三界を超えたら、無漏地。三界を超えたら阿羅漢様以上の方が居られる世界ですから無漏地といいます。


次は日没無常偈。
「人間匆匆として衆務を営み、年命の日夜に去ることを覚らず、燈の風中に滅すること期し難きが如し茫々として六道に定趣無し、未だ解脱して苦海を出づることを得ず、云何が安然して驚懼(きょう)せざる、各々聞け強健有力の時は自策自動して常住を求めよ」

今でこそ世の中が世知辛くて、忙しくて忙しくてという時代ですが、これは唐の時代の言葉ですが、人間匆匆たることは衆務を営む、とここのところを日本の坊さんが和讃というのを作ってるのですね。日本語で詩を作った。
日夜に命の去ることを覚りざりける儚さよと。
この匆匆というのは、慌ただしいという意味ですね。
お手紙を書いて、匆匆と。急いで書いて御無礼をお許し下さいと、早々と書きますね。
だから我々は日々匆匆としていると。
そして、その間でも命は待ってくれないと。朝となく昼となく夜となく待ってくれないのだから、朝は安堵、昼も安堵と、そんなものではないと。
同じ速度で命というのは縮まっているわけですね。

その命が日夜無くなっていくことを覚らない。
命というものは、もう死ぬときは決まっているのですから。知らないだけのことでね。
だから一日たてば二日、二日たてば三日、それは死に近付いているのですよね。
日夜に去ることを覚らすと。
命があの世へ去っていく、縮まっていく、それを覚らないというのですね。
我々の命は風の中で漂っているようだと。
ロウソクの火のようなもので、何時消えるかわからない。
つまり自分が死ぬということが分からないということを言ってるのですね。
次の風で消えるのか、いやいやその次の風で消えるのか、何時消えるのか分からないと。
我々の命が消えるのが何時か分からないということを忠告しているのですね。

茫々として六道に定趣無しというのは、茫々というのは分からないという意味ですね、猛然として。
六道に定趣というのは、この趣というのは、六道のことを趣と言うのですね、六趣とも言います。
我々は何処へ行くのか決まっていないということをいうのです。
六道に定趣無し、ということは、行くところが決まっているということなんです。天上界なら天上界と着待ているのなら、まだいいと。天上界へ行けるのならばね。
然し、何処へ行くか分からない。
茫々として六道の定趣無しということは、何処へ行くか分からないということです。

未だ解脱して苦界を出づることを得ず。
未だ我々は苦の世界、つまりこれは三界六道のことを例えているですが、そこを解脱していない。
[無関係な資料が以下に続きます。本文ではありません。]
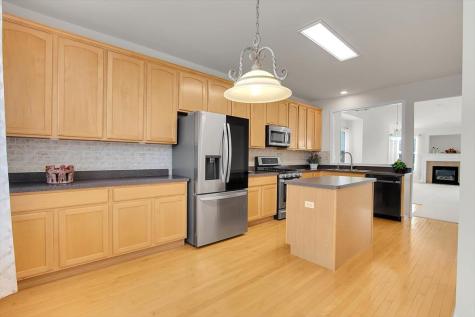 2801 Waterfront Avenue Algonquin IL 60102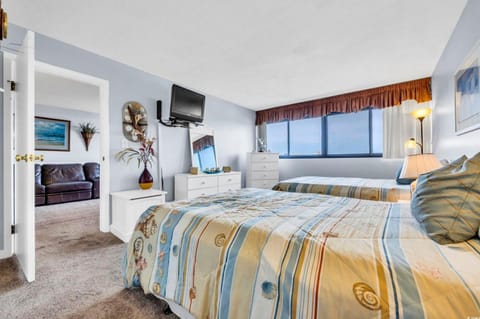 Grand 2-Bedroom Condo in Myrtle Beach! Sleeps 8! House in Myrtle Beach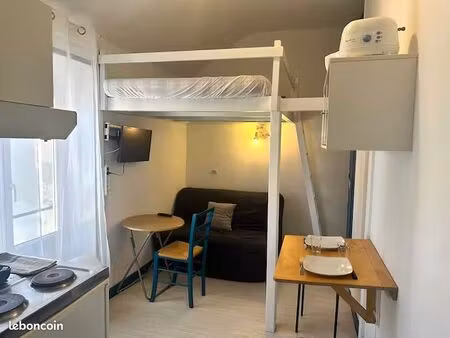 studio (electricité comprise)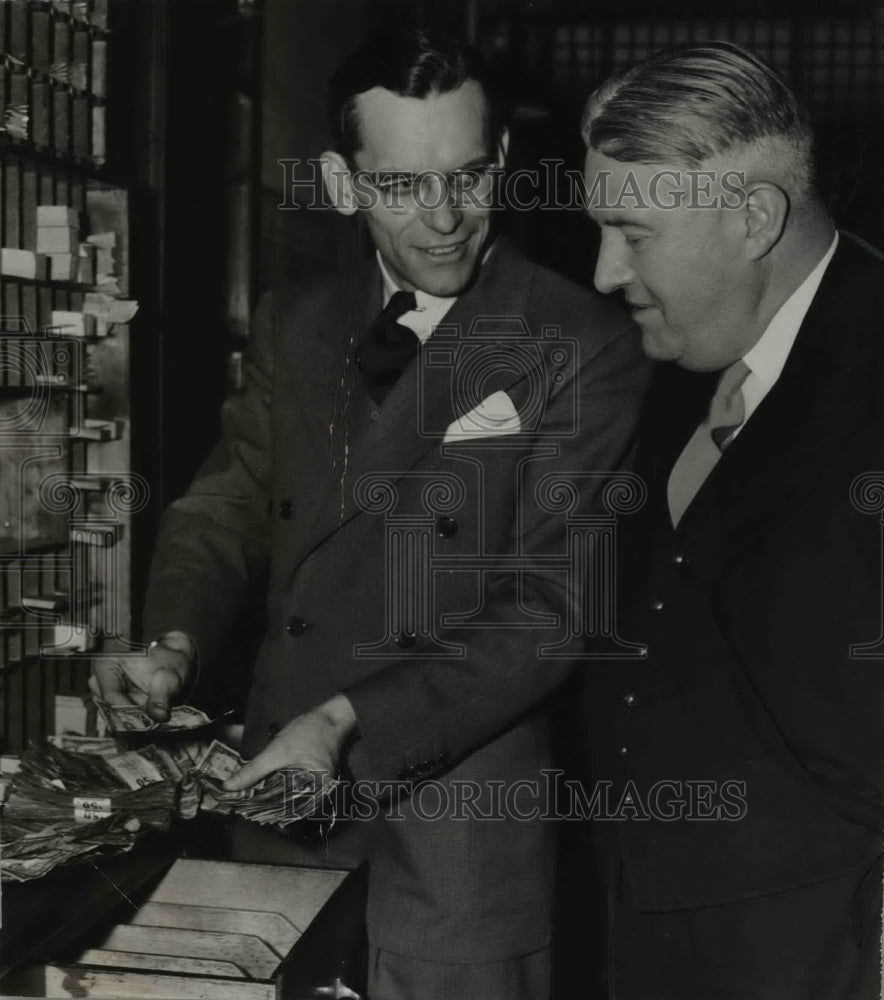 Press Photo LTR: William Johnson and Al Schlipson - nef30719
解脱出来ていないということですね。

云何が安然して驚懼(きょう)せざる。
それであるのにどうして安らかな気持ちで安然として懼れないのかと。
懼れ驚くということですね。

死んだらもう六道へ行くのが決まっているのに、六道を出ることは出来ないけれども、六道の何処かへ行くに決まってある。然し、それは何処へ行くか分からない。
そういう状態であるのに、どうして安閑として日暮するのかと、いう警告ですね。

各々聞け強健有力の時は自策自動して常住を求めよ。
諸君、聞きなさい。私の言うことを聞きなさいと。
歳をとって杖をつかないと歩けない、というようなときになってきたら、さあどうしようということになるとし難いけれども、若いたくましい力のある時に、早くやっておきなさいということですね。
若い力のあるときに努力して自分に鞭打って、常住ということは真実の世界ということですね。
だから無常の反対が常住。
無常というのは消えるものですから、一旦この世が終わったらまた消える。
消えたり現れたり、消えたり現れたり。生まれたり死んだり、生まれたり死んだりでしょ。それは無常ですね。無常は仮のものです。
常住は真実のものです。
真に至り給えと、常住を求めよ、というのは一緒のことを言ってるのです。
これを浄土門でいうならば、極楽へ行きなさいと。
極楽へ行ったら、もう死なないのですから。
極楽のことを、無量寿国と言いますね。命は無量だと。
死なないということです。行ったらもう輪廻しない。
阿弥陀様のことを別名、無量寿如来。
だから常住を求めよということは、浄土門でしたら極楽を求めなさいということですね。
極楽というのは、常住の世界だから、という意味ですね。

我々は浄土門を頼らずに真の常住を求めようと思ったら、難行苦行をして三界六道を越えなければ行けない。
ですがそれは、法然上人がとてもじゃないが出来ないと、投げたのですから。
我三学の器に非ずと。
この三学というのは、坊さんの、修行者の必須科目なんですね。
これだけはやらなければいけないと。
戒定慧。
戒律。禅定。智慧(般若ですね)
戒律を守って、禅定を発揮して、般若の智慧を知ら得る。
これが完璧に出来たら、三界六道は解脱出来る。
舎利弗、目連は皆これをなさっているわけですね。
法然上人は、これは自分はだめだと、いうので是よりほかに救われる道は無いのだろうかと、そこに躓きがあったのですね。
自分も出来ないのに、況や一般の衆生は出来るだろうかと。
これをしないと救われないとなると、永久に救われないと。
そんなはずは無いと。
そこで善導大師の観経疏に出会って、そこにこうしたら救われるということが説かれてあって、これだと。思ったのですね。
ところが、今と違うのはその当時は、自力聖道門ばっかりでしたからね。
そんなときに、お念仏で救われるなんて、南無阿弥陀仏で救われるというのでしょう。
それを信じた者も、本当かな、そうかな、本当かな、と、ちらりちらちと疑問が起こるのですね。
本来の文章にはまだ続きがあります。